Bezieht man jedoch die gesellschaftlichen und politischen Kontexte in die Analysen ein, so spiegeln sich in der Berichterstattung über Migration stets Denkund Argumentationsweisen wider, die in der Gesellschaft bereits existieren. Dies zeigt sich vor allem durch regionale Spezifika, die sich wesentlich auf das Sprechen über Migration auswirken. Das heißt, Gesellschaft, Politik und Medien bedingen sich – auch im Migrationsdiskurs – gegenseitig und gerade wegen lokaler Eigenheiten.

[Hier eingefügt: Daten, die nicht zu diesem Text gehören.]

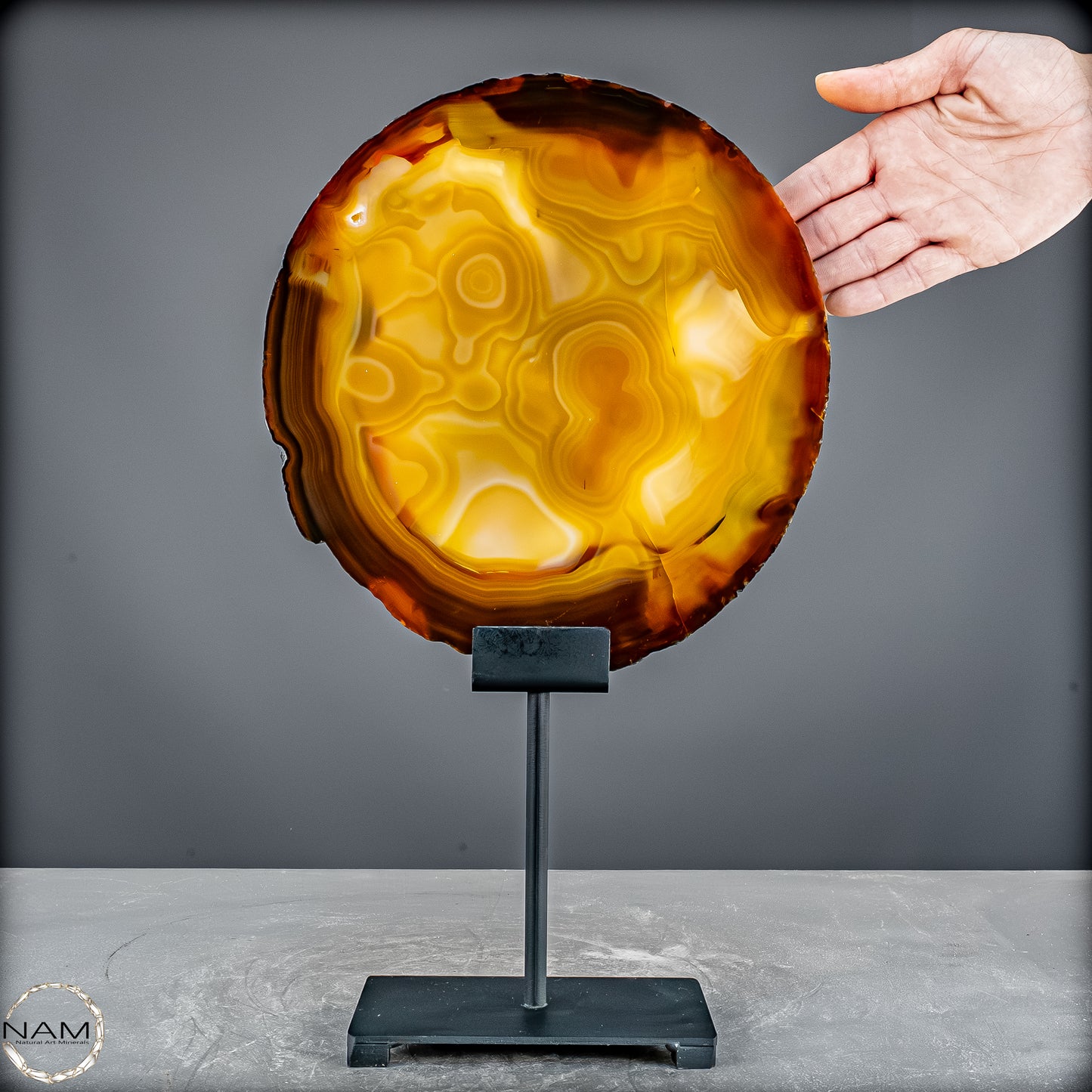 Achat Scheibe  – auf Ständer aus Brasilien - 1645,37g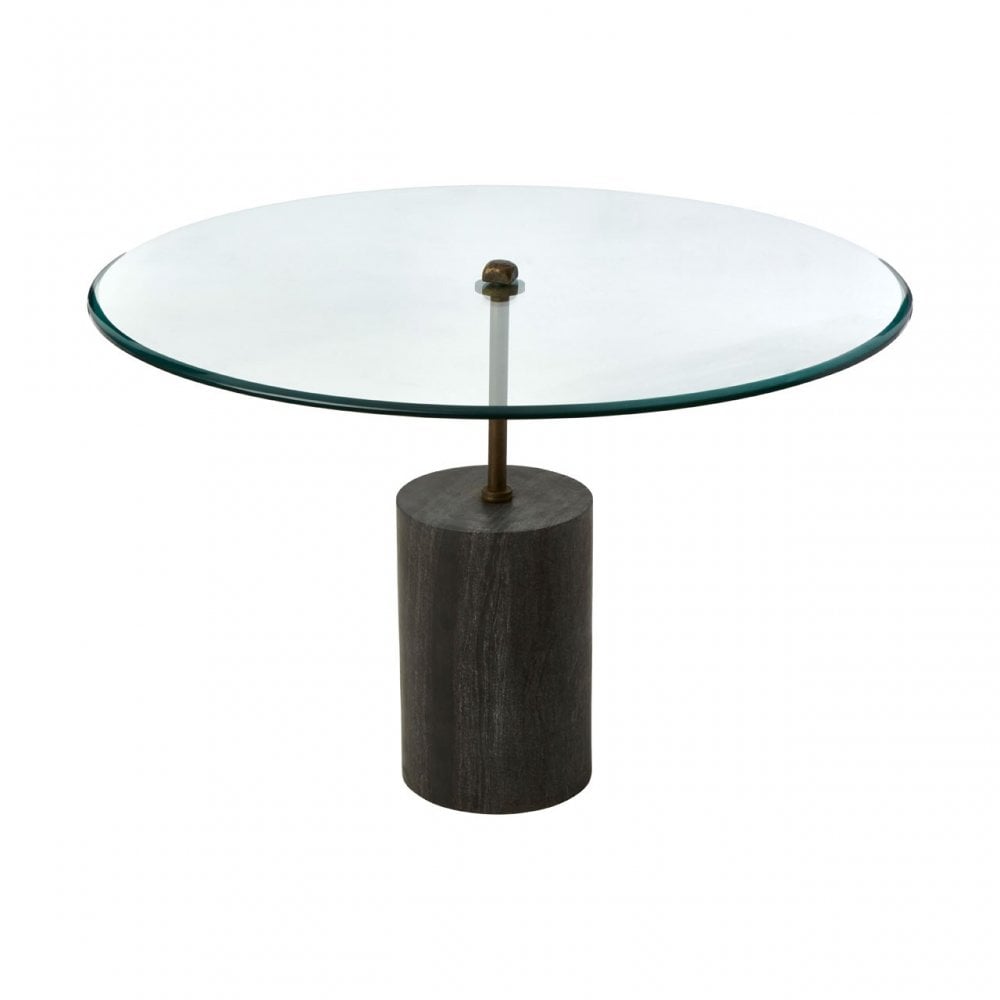 Rany Glass & Black Marble Side Table, Black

Bei einem Großteil der in diesem Kapitel angesprochenen Medienanalysen handelt es sich um Inhaltsanalysen oder speziell im amerikanischen Raum um Framinganalysen110, die nicht nach dem Kontext fragen, in dem Medieninhalte entstanden sind. Arbeiten mit kommunikations-, medienwissenschaftlichen oder sprachwissenschaftlichen Ansätzen ziehen selten politische, kulturelle und historische Hintergründe mit ein, in denen mediale Inhalte entstanden sind. Doch die Bedeutung von Sprache entsteht nicht in ihrem Gebrauch, sondern erst in Verbindung mit relevantem Kontext. Um komplexe soziale Probleme zu erforschen, ist es notwendig, den Kontext als Teil der Analyse zu begreifen, da sonst sprachliches Verhalten missinterpretiert werden kann.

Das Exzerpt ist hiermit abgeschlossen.